The Sherlock star said he knew very little about the man who is best known for his paintings featuring anthropomorphized, large-eyed cats and kittens, often walking on their hind legs and engaging in activities such as dancing, reading and drinking tea from china cups.
He told the PA news agency: “I was really intrigued about this extraordinary artist whose images I had a sort of a faint flicker of recognition of in the back of my head, maybe on a wall somewhere in school, or institution or postcard or a museum.
“But not anything to do with his life, and the importance of what he achieved, and the sort of struggles and tragedy of some of his life, as well as the wit and humour and brilliance of it, so it was a real journey of discovery for me.”
The new film The Electrical Life Of Louis Wain chronicles the artist’s life, including his tragically short marriage to wife Emily, played by The Crown’s Claire Foy, who died in 1887, four years after their wedding.
It was with Emily that he adopted their beloved cat, Peter, who inspired his work. Wain also championed cats as domestic pets in Britain, and was involved with several animal charities.

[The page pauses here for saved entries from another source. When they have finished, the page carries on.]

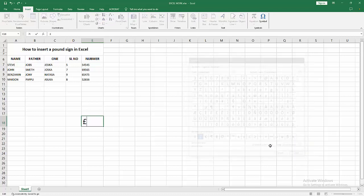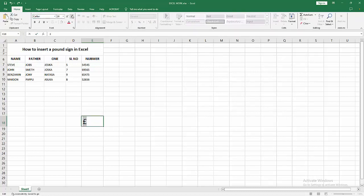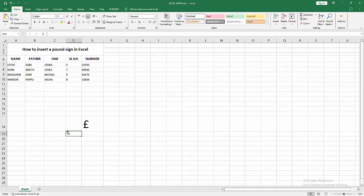Then close the window. Then select the text or symbol and increase the size. Now we can see we inserted the pound symbol in Excel easily.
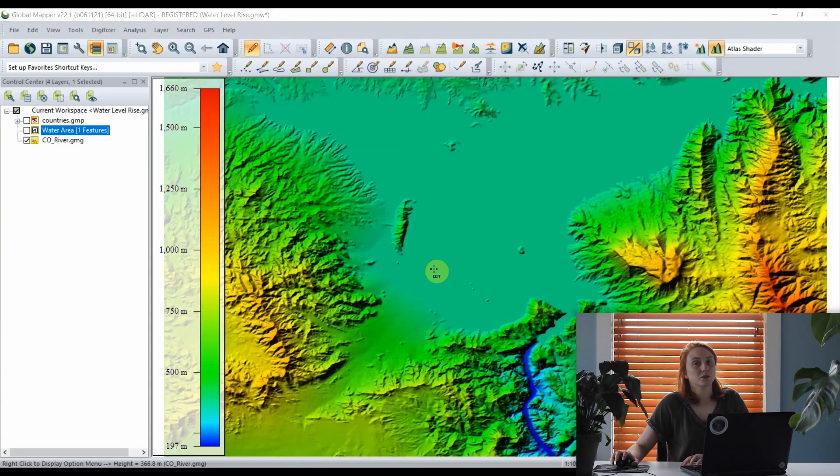Now Mackenzie, I've been using Global Mapper for quite some time, and I've never had the occasion to model water level rise. Can you show us how to get that process started? Thank you, Rachel.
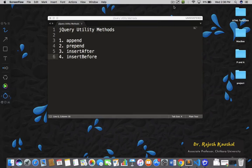Welcome back. In this lecture we are going to understand jQuery utility methods and these utility methods are append, prepend, insert after, and insert before. Let's understand these functions with the help of examples.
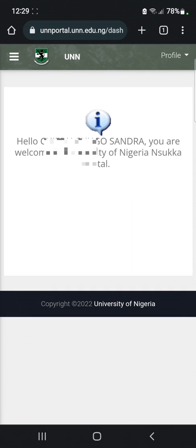This is just how you can access and create the UNN student portal. If you have any questions or need further clarification, let me know in the comment section. Make sure you click on the like button and subscribe to this channel to see more videos like this. Bye bye!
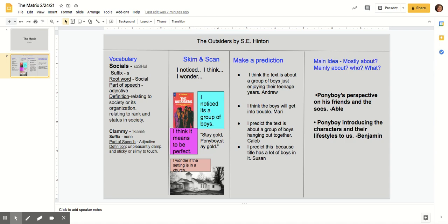My hair is longer than a lot of boys wear theirs, squared off in the back and longer at the front and sides, but I am a greaser and most of my neighborhood rarely bothers to get a haircut. Besides, I look better with long hair. I had a long walk home and no company, but I usually loan it anyway for no reason except that I like to watch movies undisturbed so I can get into them and live them with the actors.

Cumberbatch said of Emily: “She gave him an emotional landscape.
“She gave him the purpose and understanding of what he couldn’t understand without certain tools that are seen as normal.
“He was celebrated as someone who had purpose and an existence that was justifiable and should be enjoyed, as an artist and as a human being, through her encouragement.

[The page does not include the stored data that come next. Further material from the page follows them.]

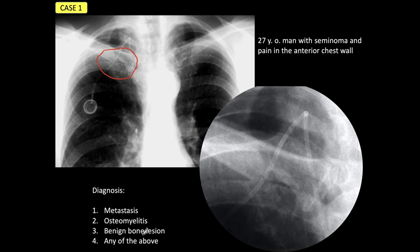Is it a benign bone lesion? Or if you cannot make up your mind, you can say any of the above.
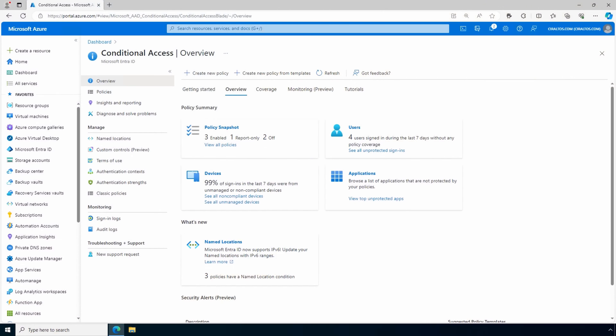Coming up, we add hybrid Entra ID joined clients to the policy as an alternative to MFA. Then we add conditions that change the MFA requirements depending on the public IP address users are logging in from. After that, we create a blocking policy that prevents users from logging in with specific clients, then we block access from outside the country. Chapter markers are in the description if you want to jump ahead. Let's go to the Azure portal to get started.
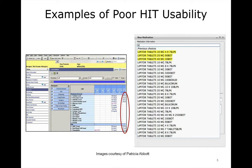Now look at the screen on the right. Notice that Lipitor tablets in a 10-mg dose are scattered throughout the display — at the top, in the middle, and then at the bottom. This could lead someone to choose the wrong medication from the list.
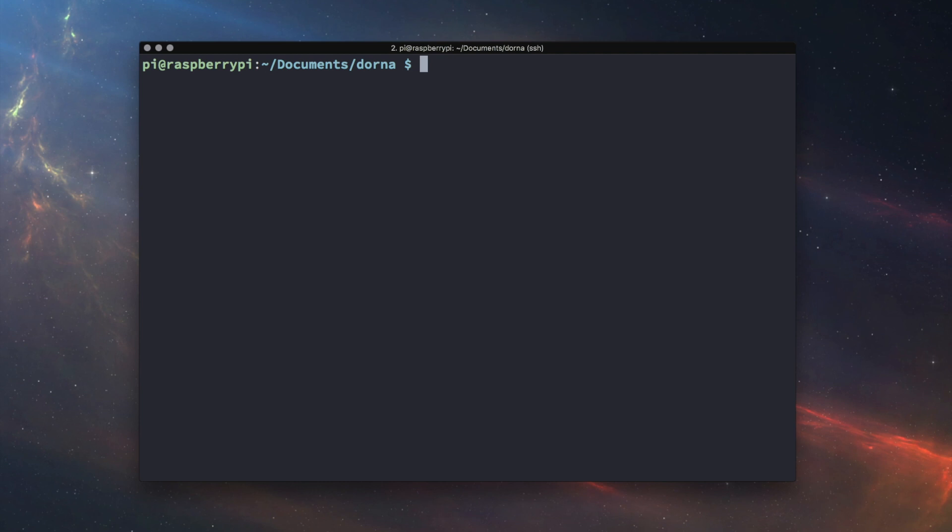Once you've installed the API, you're ready to start using Dorna. Start an instance of Python and get started.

“And it was definitely through her that the art flourished. It was definitely because of Peter coming into their lives as their surrogate child, in that time and that trauma, that he focused on cats.
“He showed so much more than just: ‘Oh, these animals should be taken seriously as domesticated pets’, which he did champion – of course, that’s historically what he did.
“But he was able to look at them as a prism for understanding the world he found difficult to be in, thanks to Emily.”
The Electrical Life Of Louis Wain is released in UK cinemas on January 1 2022.